Otherwise don't be afraid of the Erskine/QuickAttach blowers. There's a couple used ones on Craigslist, and they will sell new factory direct from Alexandria MN.


----------



## jomama45 (Dec 25, 2008)

blowerman;1153103 said:


> I ran a 66" SB200 Bobcat blower on a S185 the past 2 years with out any problems. They match up real nice. Any wider of a blower and you'll want a bigger machine. Oddly, the girl that ran this set up asked for the oldest machine I have; 2001 873G.... So, gave it the twice over and then some, put on the 66" blower and put in a 128 driveway project. While we have bigger blowers, the speed she is able to move through snow both wet and dry is faster with a smaller blower.


Isn't an 873 six feet wide, making it six inches wider than the blower?? Wouldn't this create a problem with driving over the edges constantly?


----------



## mlars (Dec 1, 2010)

mnlefty;1154357 said:


> Otherwise don't be afraid of the Erskine/QuickAttach blowers. There's a couple used ones on Craigslist, and they will sell new factory direct from Alexandria MN.


I second this. I used to work at a rental store and we had one back in the late 90's. Bobcat didn't make blowers yet but the Erskine blowers were "Bobcat Approved".


----------



## andy'slawncare (Oct 8, 2007)

I found a tractor/blower to rent from a friend for a good price. So I am probably just going to go that route for now. Might use my money toward a fisher xls.


----------



## blowerman (Dec 24, 2007)

jomama45;1154366 said:


> Isn't an 873 six feet wide, making it six inches wider than the blower?? Wouldn't this create a problem with driving over the edges constantly?


Your close. The cutting width is around 69" 
We seem to be short by about 1 1/2" on each side using the 873.
I could put the 72" blower on, but the 66" just seems to work faster.
We are making our own cutting edges and just made some extensions for the sides of the blower.

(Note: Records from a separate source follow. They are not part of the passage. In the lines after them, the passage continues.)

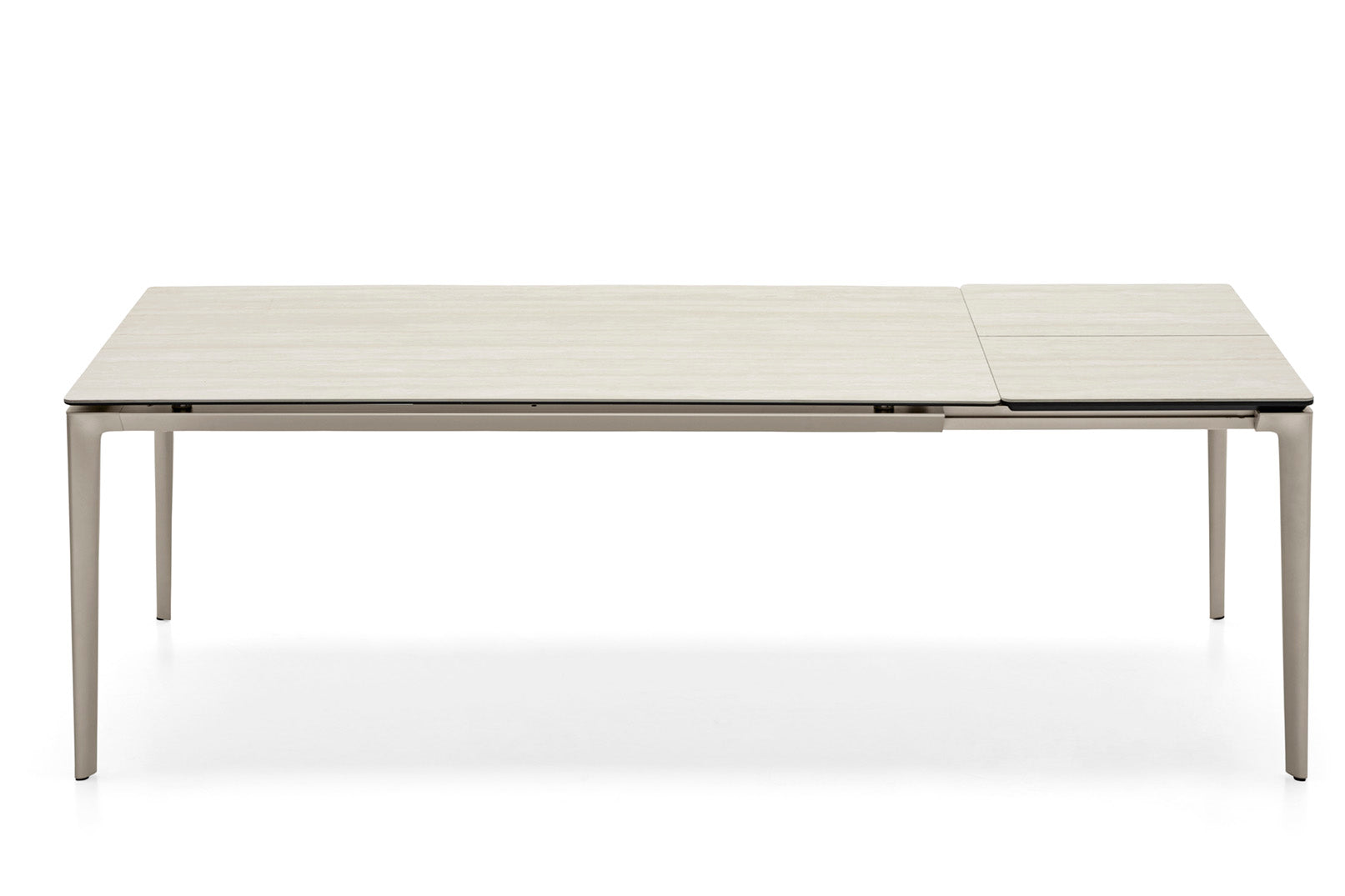 Ausziehbarer Tisch BOMA mit beigem Tischplatte und beigem Gestell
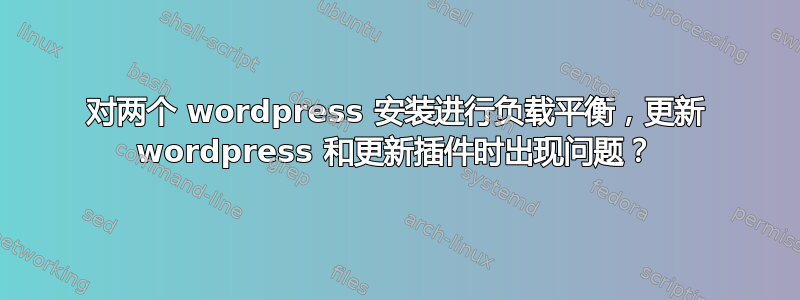 对两个 wordpress 安装进行负载平衡，更新 wordpress 和更新插件时出现问题？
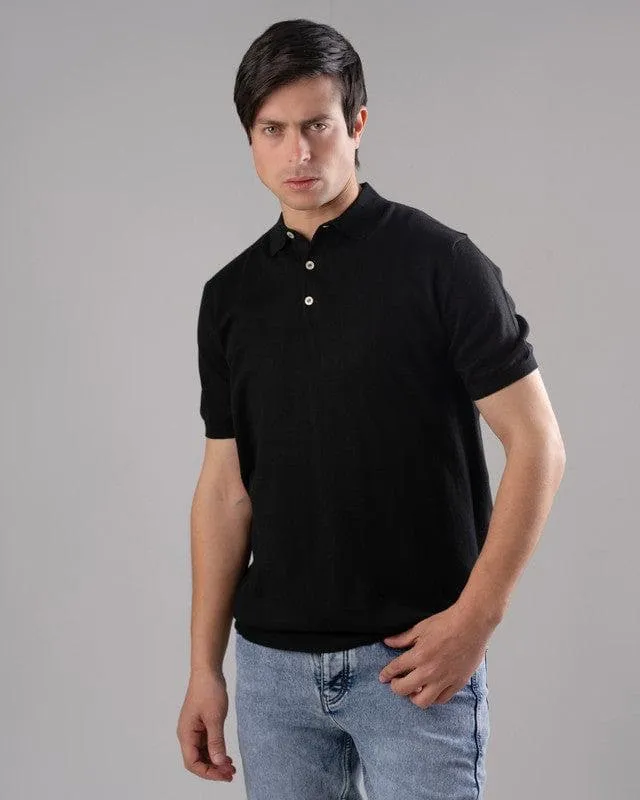 KNIT POLO SHIRT  - BLACK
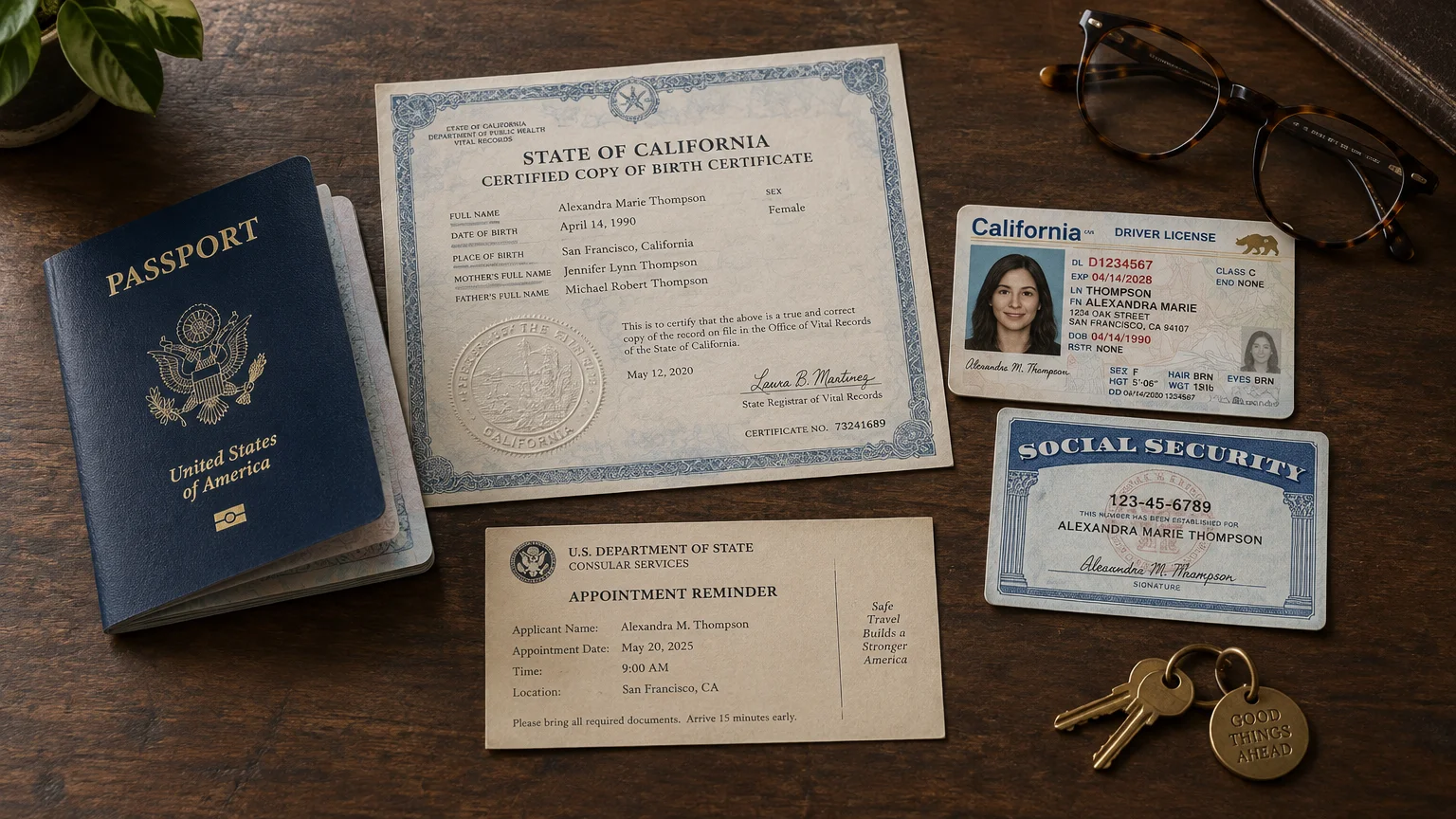 US passport, California birth certificate, driver's license, Social Security card, glasses, and keys on a wooden table.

BTW, did you get more snow than the 2" we had down here Sunday?


----------



## NICHOLS LANDSCA (Sep 15, 2007)

I bought the Quick Attach one that was on CraigsList on Sunday morning


----------



## jomama45 (Dec 25, 2008)

blowerman;1154781 said:


> BTW, did you get more snow than the 2" we had down here Sunday?


Just a wee bit more, we got about 8" on my route. Alot of places in-town and close to the lake though only had the 2-4" .


----------